_Your objective:_
In the records below, the line with "On the deck of the" opens the range and the line with "Objects on the" closes it; print that range exactly and nothing else.

_Material to process:_

..............................

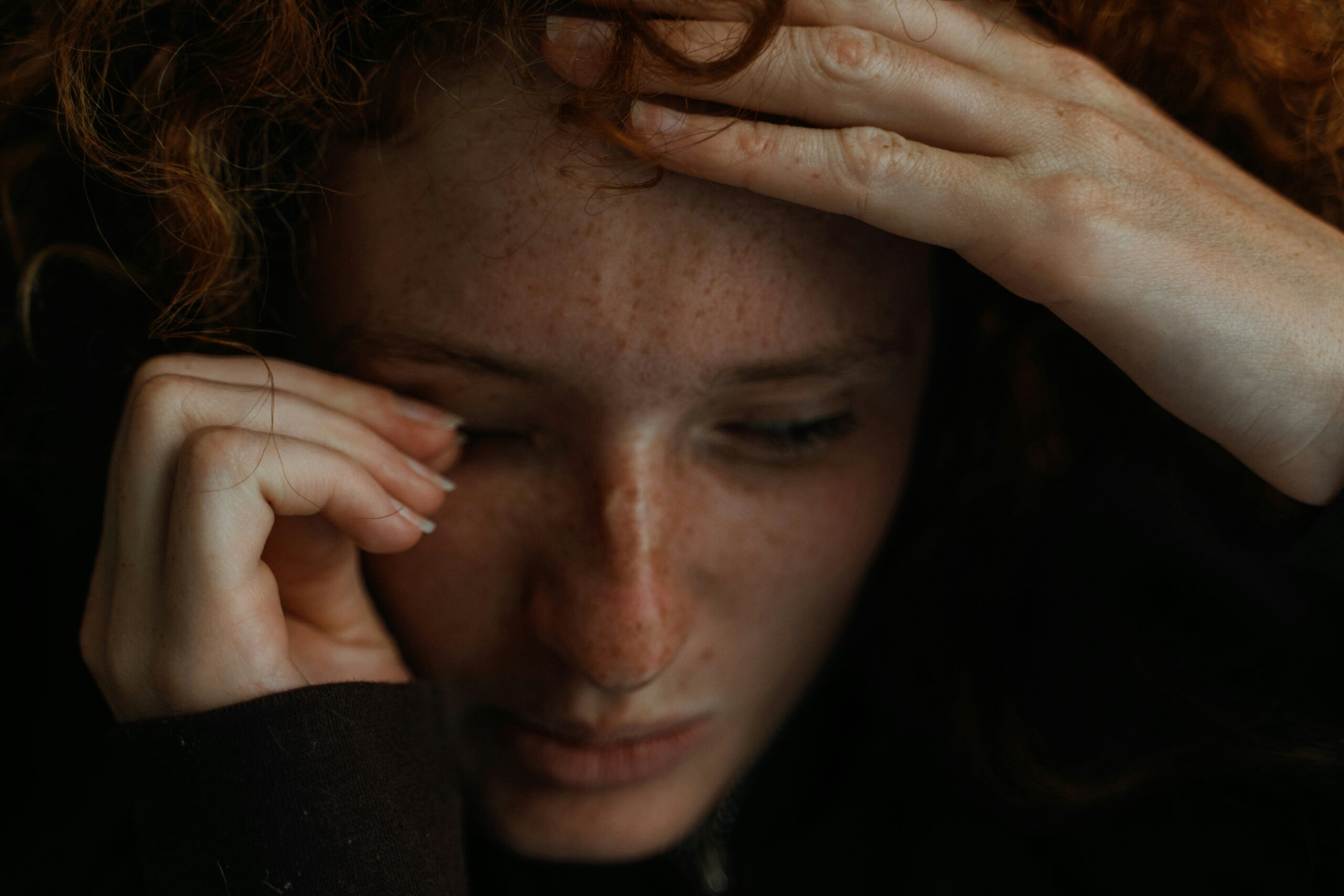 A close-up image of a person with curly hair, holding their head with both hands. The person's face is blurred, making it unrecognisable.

..............................

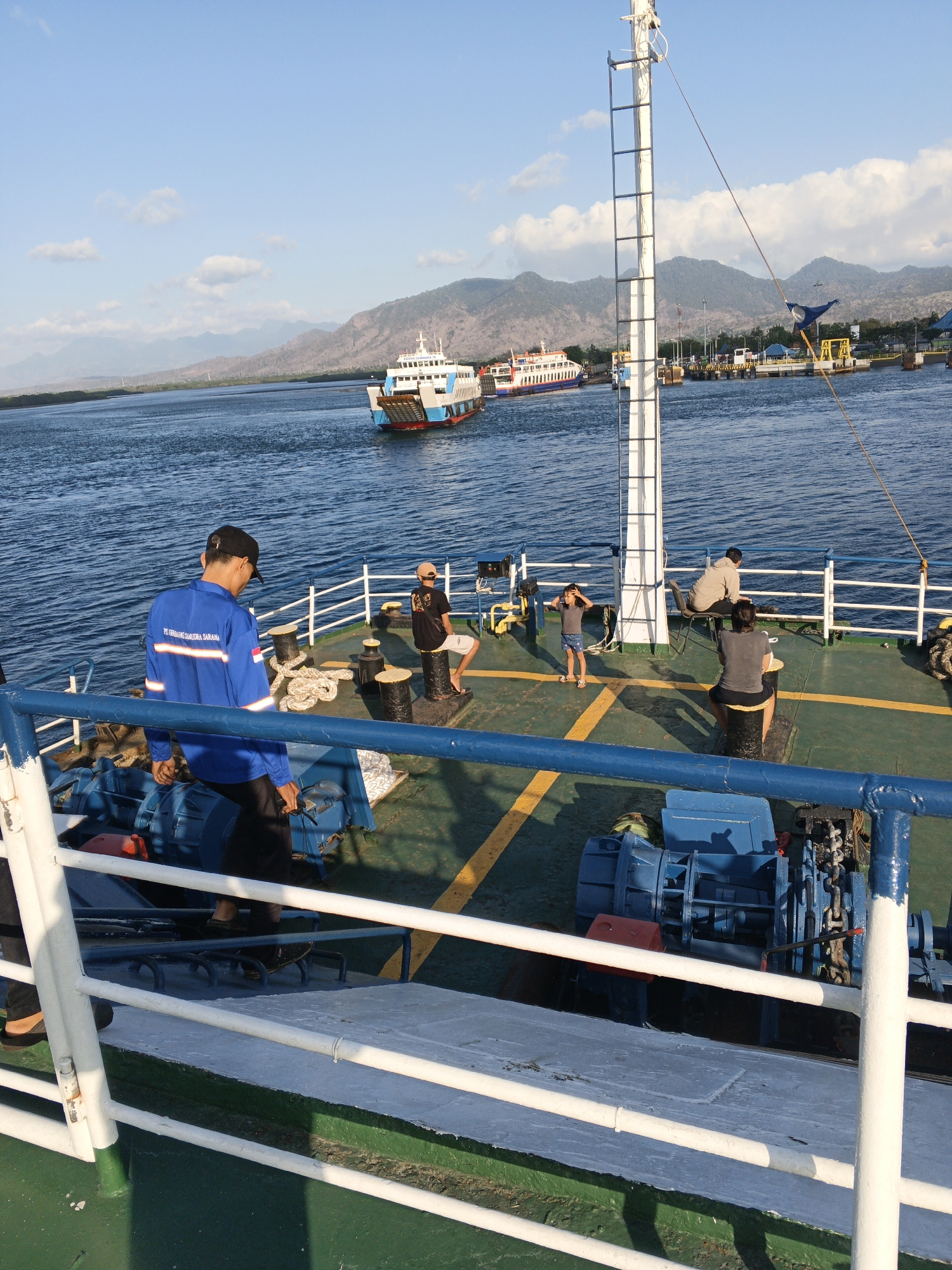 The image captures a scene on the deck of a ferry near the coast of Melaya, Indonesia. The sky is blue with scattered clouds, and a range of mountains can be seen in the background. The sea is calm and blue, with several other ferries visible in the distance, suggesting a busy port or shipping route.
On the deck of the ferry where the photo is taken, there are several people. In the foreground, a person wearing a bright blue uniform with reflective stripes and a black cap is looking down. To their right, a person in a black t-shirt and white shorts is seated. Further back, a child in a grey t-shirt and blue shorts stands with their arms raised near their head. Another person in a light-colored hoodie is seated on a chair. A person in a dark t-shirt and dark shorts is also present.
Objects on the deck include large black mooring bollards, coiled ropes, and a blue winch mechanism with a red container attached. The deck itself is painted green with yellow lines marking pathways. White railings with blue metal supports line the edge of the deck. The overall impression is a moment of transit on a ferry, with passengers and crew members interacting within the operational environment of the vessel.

..............................

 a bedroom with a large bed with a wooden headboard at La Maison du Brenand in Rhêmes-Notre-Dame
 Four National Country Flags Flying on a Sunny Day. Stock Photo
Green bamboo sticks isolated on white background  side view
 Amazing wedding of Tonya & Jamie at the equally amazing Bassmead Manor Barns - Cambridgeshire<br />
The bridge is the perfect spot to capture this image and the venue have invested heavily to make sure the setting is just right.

..............................

_Output of the task:_
On the deck of the ferry where the photo is taken, there are several people. In the foreground, a person wearing a bright blue uniform with reflective stripes and a black cap is looking down. To their right, a person in a black t-shirt and white shorts is seated. Further back, a child in a grey t-shirt and blue shorts stands with their arms raised near their head. Another person in a light-colored hoodie is seated on a chair. A person in a dark t-shirt and dark shorts is also present.
Objects on the deck include large black mooring bollards, coiled ropes, and a blue winch mechanism with a red container attached. The deck itself is painted green with yellow lines marking pathways. White railings with blue metal supports line the edge of the deck. The overall impression is a moment of transit on a ferry, with passengers and crew members interacting within the operational environment of the vessel.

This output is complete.